• **INSTRUCTIONS FOR THE TASK**:
Copy the data as given. No line may be skipped.

• **PROVIDED MATERIAL**:
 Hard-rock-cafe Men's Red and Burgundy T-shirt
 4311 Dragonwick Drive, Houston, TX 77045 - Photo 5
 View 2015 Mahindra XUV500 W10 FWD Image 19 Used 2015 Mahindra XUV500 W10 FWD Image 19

• **ANSWER BOX**:
 Hard-rock-cafe Men's Red and Burgundy T-shirt
 4311 Dragonwick Drive, Houston, TX 77045 - Photo 5
 View 2015 Mahindra XUV500 W10 FWD Image 19 Used 2015 Mahindra XUV500 W10 FWD Image 19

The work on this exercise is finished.